De eerste ervaringen met de decentralisaties

8 februari 2015

Vanaf januari 2015 is de gemeente verantwoordelijk voor het uitvoeren van veel meer taken op het gebied maatschappelijke ondersteuning (WMO), Jeugdzorg en arbeidsparticipatie (Participatiewet): de zgn. 3D’s. Daarvoor werd een wijkteam opgetuigd: het Team Voor Elkaar. De Brummense gemeenschap kijkt met argusogen naar de ontwikkelingen in onze gemeente.
Tijdens het februariforum deed Mark Waaijenberg, de man die het hele proces begeleidt (de kwartiermaker), uitgebreid verslag over de eerste ervaringen van het team.
De meeste contacten zijn telefonisch (500 keer). Dit zijn niet 500 afzonderlijke burgers, want sommige zaken vergen meerdere telefonische contacten met een burger. Daarnaast hebben 50 burgers gebruik gemaakt van het inloopspreekuur. 75% gaat over de WMO en 15% betreft jeugdzaken.
Het is ook zichtbaar, dat onze inwoners weet hebben van de veranderingen. Al 150 mensen hebben zelf contact gezocht met het team Samen goed voor elkaar, omdat hun WMO- of andere indicatie afloopt.
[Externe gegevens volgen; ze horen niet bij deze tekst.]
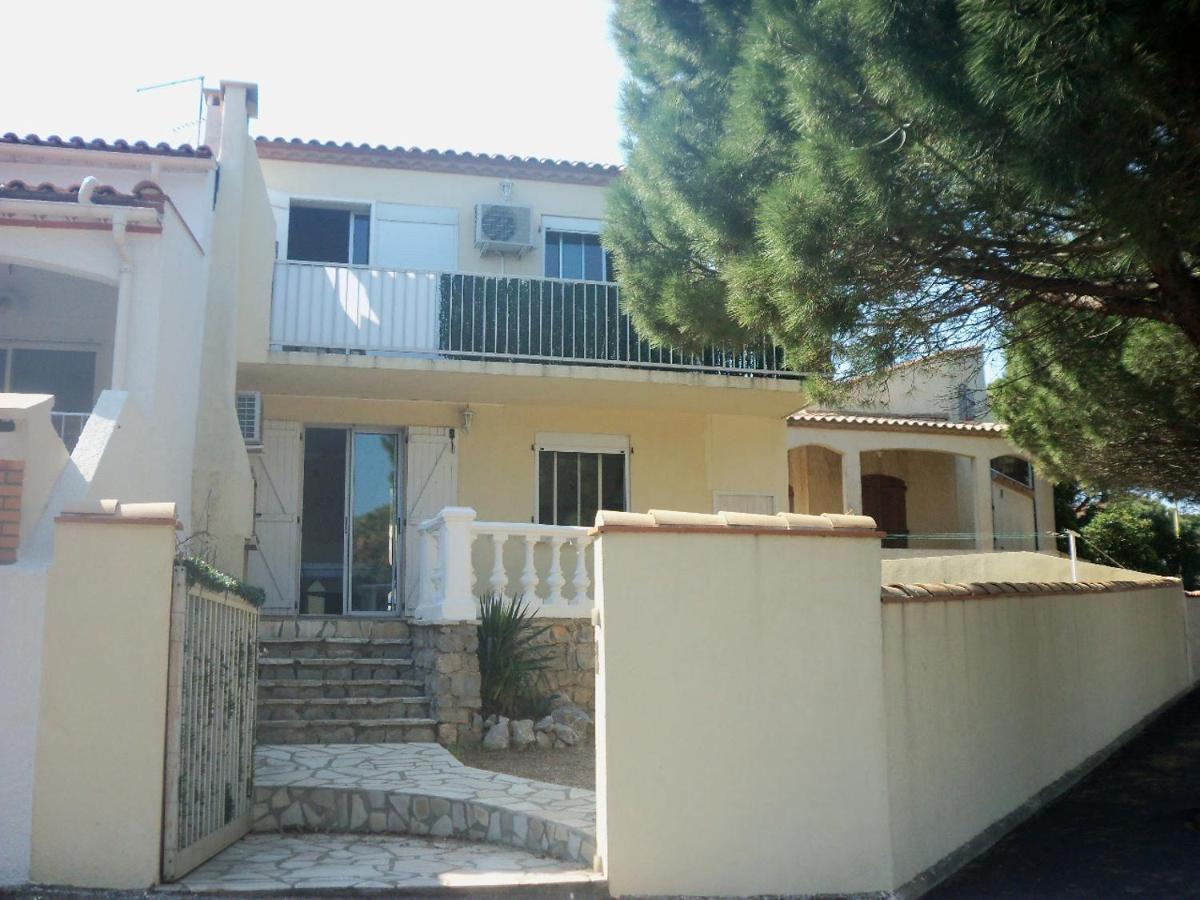 Apt Climatise T3 Saint Pierre La Mer, Terrasse, Jardin Et Parking Prive 弗勒里 外观 照片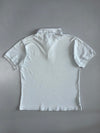 Lacoste Classic Crocodile Pique Polo T-Shirt Sky Blue (L)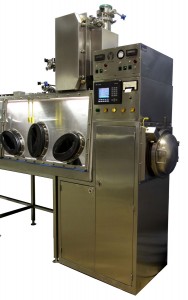 GERMFREE | Sınıf III Biyogüvenlik Kabinleri | Integrated Autoclaves - 1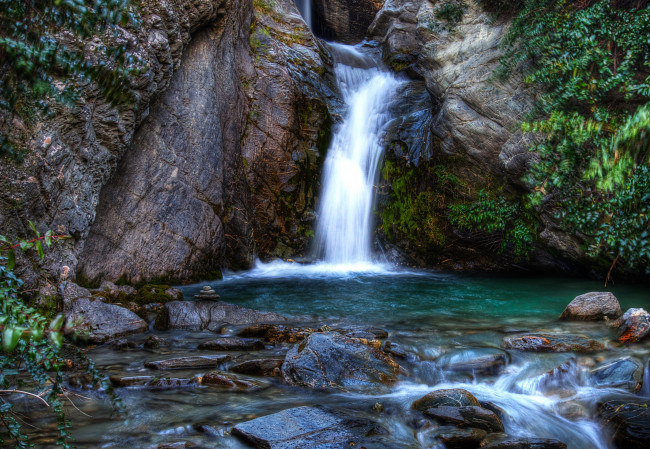 Обои картинки фото природа, водопады, вода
Ruim 90 gesprekken hebben inmiddels al plaatsgevonden.

Team voor elkaar

In het team zitten mensen die ervaring hebben vanuit verschillende disciplines: vanuit de jeugdzorg (bureau Centrum jeugd en gezin en bureau Jeugdzorg), Mee (begeleiding mensen met een beperking), maatschappelijk werk (SWB) en verslavingszorg (Tactus) en vanuit de “oude” WMO (ambtenaren van de gemeente Brummen), in totaal 11 mensen. De heer Waaijenberg kon nog weinig zeggen over de vragen met betrekking tot de arbeidsparticipatie. De uitvoering van de participatiewet wordt vanuit Apeldoorn gedaan. Binnenkort worden er afspraken gemaakt hoe het team en de consulenten de activiteiten met elkaar gaan afstemmen. De PvdA zou nog wel willen bekijken of Brummen de participatiewet niet zelf kan uitvoeren. Hier liggen volgens ons kansen.
De “breedte” van dit team wordt b.v. door artsen als prettig ervaren. De lijnen zijn hierdoor zeer kort in tegenstelling tot gemeenten die de verschillende onderdelen apart georganiseerd hebben.
De PvdA vindt dit een goede zaak. Juist de dwarsverbanden tussen de Participatiewet, de WMO en de jeugdzorg kan dit team zo beter vormgeven en moet volgens ons kostenbesparend gaan werken zonder de kwaliteit van de zorg aan te tasten.
De heer Waaijenberg meldde dat er in relatie tot de landelijke commotie in onze gemeente weinig gedoe is met de Persoonsgebonden budgetten (PGB’s).
De start ziet er positief uit, al is men er nog lang niet. Zo moet de wijkverpleegkundige nog een plek krijgen. Het is ook positief dat er binnen het team behoefte aan verdieping van specifieke kennis. Dat getuigt van een goede instelling van de medewerkers.
Hoe gaat het wijkteam zich verder ontwikkelen? Wordt het een team dat op buurtniveau de eerste vraagbaak voor de bewoners wordt? De verwachting is dat op deze manier hulpvragen eerder boven tafel komen. Lekker dichtbij met een goed gesprek aan de “keukentafel” waarin zij overleggen welke zorg er in de specifieke situatie nodig is? Of wordt het bureaucratisch instituut dat alleen beoordeelt? Op de vraag van Cathy Sjerps wat de verhouding is tussen het actief ín de wijk zijn en achter het bureau zitten kon de heer Waaijenberg helaas (nog) geen antwoord geven. De PvdA is voorstander van een proactieve houding. Gaat het team ook de wijk in, bellen de teamleden aan en gaan ze in gesprek met mensen?
Willen we als gemeente slagen om deze zware klus tot een goed einde te brengen en nog iets te kunnen betekenen voor kwetsbare groepen, dat zal het team volgens de PvdA op zoek moeten gaan naar de dwarsverbanden tussen de WMO, jeugdzorg en Participatiewet. Het ziet er naar uit dat het team die weg ingeslagen is.